There’s a fair chance in your drafts this year that you will face this exact choice, or some parts thereof. It’s the first round and say Adrian Peterson, Arian Foster, Doug Martin are gone, maybe a QB or two depending on league rules, and potentially Calvin Johnson as well. You are smack dab in the middle of round one. You have to start your team, and then wait 12 picks or so for your next building block. Who is the cornerstone to your 2013 fantasy franchise: Jamaal Charles, LeSean McCoy, Ray Rice or C.J. Spiller? Today we present four backs somewhat similar in stature, each of which also present strong potential for receptions in PPR scoring, while Charles, McCoy and Spiller each welcome in new head coaches.
Let’s at the top when evaluating Jamaal Charles – Andy Reid is in town, a coach with a 140-102-1 NFL record. There has to be air of excitement in Kansas City felt not since Dick Vermeil left after the 2005 season (and his 44-36 winning record). Since Vermeil, the Chiefs have bounced between Herm Edwards, Todd Haley and Romeo Crenel, totaling a tough 38-74 record for the Kansas City faithful. Reid brings in a winning record, a new quarterback in Alex Smith (who actually led the NFL with a 70.2 completion percentage last year in 10 starts) and a long track record of producing extremely successful fantasy RBs (Duce Staley, Brian Westbrook and LeSean McCoy), and it’s not like Jamaal Charles wasn’t already a fantasy stud. Charles comes off a 1,745-yard season and had 1,935 yards in 2010. Qualifying with his 750th career carry late last season, Charles broke Jim Brown’s 47 year-old all-time average yards per carry average of 5.22, and by a wide margin as Charles comes into 2013 averaging a whopping 5.82 yards per carry.

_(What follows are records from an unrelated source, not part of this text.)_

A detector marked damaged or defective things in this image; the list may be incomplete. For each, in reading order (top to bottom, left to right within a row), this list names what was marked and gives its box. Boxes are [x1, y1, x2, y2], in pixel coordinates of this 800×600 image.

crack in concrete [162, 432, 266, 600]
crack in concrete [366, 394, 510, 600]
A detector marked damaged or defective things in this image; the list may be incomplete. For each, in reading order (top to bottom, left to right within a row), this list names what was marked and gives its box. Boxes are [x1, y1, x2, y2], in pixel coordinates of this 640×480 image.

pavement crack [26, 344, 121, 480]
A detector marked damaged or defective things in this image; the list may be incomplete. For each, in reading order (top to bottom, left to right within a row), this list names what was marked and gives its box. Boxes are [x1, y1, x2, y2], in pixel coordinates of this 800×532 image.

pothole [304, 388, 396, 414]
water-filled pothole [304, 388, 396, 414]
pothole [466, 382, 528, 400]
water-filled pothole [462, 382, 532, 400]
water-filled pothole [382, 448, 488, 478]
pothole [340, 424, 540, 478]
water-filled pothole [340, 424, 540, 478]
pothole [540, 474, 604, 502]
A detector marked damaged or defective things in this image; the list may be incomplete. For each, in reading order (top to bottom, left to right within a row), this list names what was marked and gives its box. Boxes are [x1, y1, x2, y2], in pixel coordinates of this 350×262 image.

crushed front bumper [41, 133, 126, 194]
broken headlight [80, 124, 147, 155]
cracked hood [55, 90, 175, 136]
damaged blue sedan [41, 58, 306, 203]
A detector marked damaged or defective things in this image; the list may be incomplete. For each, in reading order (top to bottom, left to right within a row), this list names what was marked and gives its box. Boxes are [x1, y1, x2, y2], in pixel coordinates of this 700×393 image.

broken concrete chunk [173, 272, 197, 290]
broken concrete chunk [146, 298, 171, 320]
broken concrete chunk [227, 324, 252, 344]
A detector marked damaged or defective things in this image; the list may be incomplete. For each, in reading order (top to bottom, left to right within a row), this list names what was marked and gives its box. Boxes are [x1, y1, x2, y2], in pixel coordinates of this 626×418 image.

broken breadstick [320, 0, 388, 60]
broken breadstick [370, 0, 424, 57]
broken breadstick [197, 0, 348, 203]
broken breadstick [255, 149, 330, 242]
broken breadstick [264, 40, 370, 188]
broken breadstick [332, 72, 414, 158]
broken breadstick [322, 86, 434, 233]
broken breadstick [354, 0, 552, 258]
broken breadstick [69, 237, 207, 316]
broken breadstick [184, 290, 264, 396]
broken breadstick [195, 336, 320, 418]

Gone from Philadelphia is HC Andy Reid, but (most likely) fear not LeSean McCoy owners as new HC Chip Kelly brings his innovative, up-tempo offensive approach that heavily emphasizes the running game. The NFL is not the Pac-10, but if Kelly can even be half as successful in the pros as he was at Oregon directing his rushing attack, McCoy is in store for a huge year. Kelly’s Oregon team averaged 315 rushing yards per game last year (that’s not a type-o) and had 48 rushing TDs. Kelly gets very good marks on how to use his best offensive weapon and that is squarely Shady McCoy, and local training camp reports have affirmed McCoy will be the Eagles’ offensive focus. For some reason, however, McCoy doesn’t really compete in magazine rankings against the other three backs here. Ray Rice, Jamaal Charles and C.J. Spiller rank 4th-6th in RB rankings on average, with McCoy lagging as the RB9. McCoy is a do-it-all running back who is still just 25 years old despite this being his 5th year in the NFL. McCoy averages 55 receptions per season and is one year removed from a 20 TD season.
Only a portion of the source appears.